Where common sense and general decency dictate that your property is exactly that-your property, liberalism dictates that your property belongs to the government, who allows you to "borrow" it until the moment of your death, at which time they have the right to reclaim it. At least, that seems to be the logic behind the idea of the "death tax".
Consider this. Assuming that you are a law abiding citizen, during your time on this Earth, every paycheck you ever earn is taxed before it even touches your hand. Then, everything you ever purchase is taxed...sometimes redundantly. By rights, (and the constitution) anything left over is supposed to be yours. Consequently, it is supposed to be you who makes the decisions regarding who will inherit what's left over. But, as with all other decisions in life, liberals believe that your last request should be left to that Goliath of bureaucracy we call "the government".

I say "Why stop there"? If the government is entitled to decide who gets your money when you die, then why not the rest of your stuff? After all, who are you to decide who gets your family photos? Pets? Clothes? Beer stein collection? Books? Baseball cards? Etc, etc...

With liberalism having such a "death grip" on our life...and death, it's easy to see why it is no longer a custom to place pennies on the eyes of the dead.

Sunday, December 5, 2010


As a rule, I try not to re-hash topics I've covered in the past. But with the current state of our economy and congress' child-like understanding of both the cause of it, and solutions to it, I felt a refresher coarse might be in order.
As congress fights among themselves about whether or not to extend the current tax rates, or raise taxes on certain, but not all citizens of America, it occurs to me that in the future, we might want to consider a basic aptitude test as a requirement for being allowed to run for public office. Until that day though, all I can do is offer my free economic lessons and hope that prospective politicians take full advantage of it.

I'm going to make this short and sweet. If you think raising taxes on "the rich" is going to help the economy, you are wrong. First, it's not fair to tax one citizen at a different tax rate than another. Especially when it's done for spite, jealousy, or simple ignorance of economics. Second, if you want to "create jobs", who better to do that than the people who actually do the most hiring? I mean really! Who hires more people? The X-Box addicted, 87' GEO driving, Mamma's basement living welfare case? The small business owner who's business has never actually required the hiring of more than thirty people? Or the "rich fat cat" who's enterprises require a minimum of two thousand associates to staff adequately?
Who is more likely to purchase big ticket items like boats, cars, pools, planes, summer homes, or turn one condos at Charlotte Motor Speedway? The welfare case? Mr. Small Business? Or the rich guy? Considering that those big ticket items do not grow on trees, where do you suppose they come from? You guessed it, the American worker. That is assuming that their manufacturers haven't fled the country trying to escape excessive taxation...irony.
So though it may bother you that some rich jerk just bought his third 120 foot yacht, you need to remember that the purchase of that yacht employed hundreds of people and fed many families. From everyone who works for the yacht company to the guy who scrapes the barnacles off it's hull, and everyone in between...people made money from the rich guy's indulgences.
Reducing the rich guy's ability to indulge himself via higher taxes might make you feel better, but it ain't going to put food on the table of the guy who assembles yacht engines.

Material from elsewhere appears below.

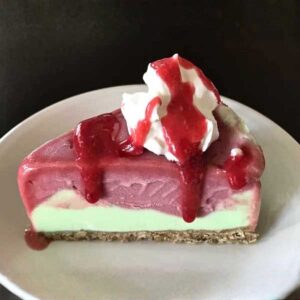 Slice of Raspberry Lime Sherbet Cake inspired by Lily Pulitzer.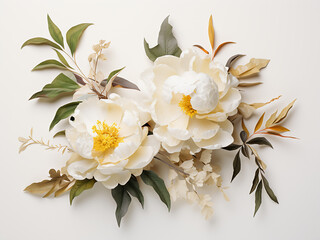 Wall Mural - A composition of leaves and a pristine white peony forming a delicate frame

Third, the age old rule of "S#&% rolls down hill" applies today just as it always has. That means that even though I might not be rich, my boss is. And when his taxes are raised, I'll give you one guess as to who is actually going to feel the pain of it. Be it a smaller cost of living raise, reduced benefits, or another year without new equipment, I'll be the one who takes the hit. You see, rich guys don't just buy yachts, they buy entire fleets of new trucks for their companies...unless the cost of those trucks goes up due to taxation. Keep in mind that an unsold truck brings NO tax revenue, but trucks sold at a reasonable/less prohibitive tax rate will bring tax revenue.

They are supposed to be teaching this stuff in schools. So why is it up to me? I should be in bed by now!